John Burk, President of Concord Label Group, which owns the original masters and publishing rights for the songs of Creedence Clearwater Revival, calls the CCR catalog one of the company’s “crown jewel assets.”
“They are just such classic, classic songs,” Burk tells Billboard. But while he’s become used to getting calls to license songs that defined an American era for biker movies and soundtracks for films about the Vietnam War, he hadn’t been aware until recently of the demand for Creedence among the Spanish-speaking public.
“It turned out that the highest concentration of Creedence’s Facebook fans on the planet was in Mexico City,” Burk says. “I didn’t realize how revered Creedence and John Fogerty were in the world of Latin rock and alternative. I thought, ‘there’s really something here.’”
That revelation led to the release of a new Latin tribute to the band on the Concord Picante label: Quiero Creedence will be out July 29.
The album’s 14 Spanish and bilingual covers include classic rocker Enrique Bunbury’s “Run Through the Jungle,” and an emotional, Dylanesque take on “Long As I Can See the Light” from Andres Calamaro that voices the Argentine’s deep connection to the annals of rock.

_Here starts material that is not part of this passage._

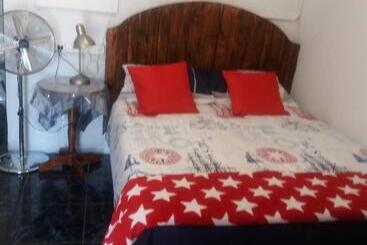 Reggies Bed & Breakfast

The members of Mexican legendary rock band El Tri, who are Creedence contemporaries, ride “Proud Mary” in a version that closely honors the original. Ozomatli takes a rock-steady approach to “Bad Moon Rising.” Band of Bitches’ delivers a cool “Feelin’ Blue.” Bay Area band Bang Data’s rap-enhanced bilingual version of “Fortunate Son” is a stand out that accentuates the current resonance of the messages in CCR’s songs.
Juan Caipo, the co-leader of Bang Data, had the idea for the Creedence tribute album. He joined with Diana Rodriguez, the CEO of Los Angeles’ Criteria Entertainment, a management and production company focused on the Latin American market, to produce it. They began reaching out to artists and recording the tracks, and Rodriguez presented the project to Burk.
“Creedence is such an iconic band in Latin America,” Rodriguez says. “But it has never been as widely acknowledged as others.”
The album’s first, and most unexpected, single was from Mexican pop star Juan Gabriel, who performs a sunshiny version of CCR’s “Have You Ever Seen the Rain,” that he translated as “Gracias al Sol.” The video, set in a flowering garden, has over 6 million views on YouTube.
“It’s really amazing how all the different styles and approaches work with these great songs,” Burk says of the album. “It’s kind of a mash up of two cultures uniting over music that’s revered.”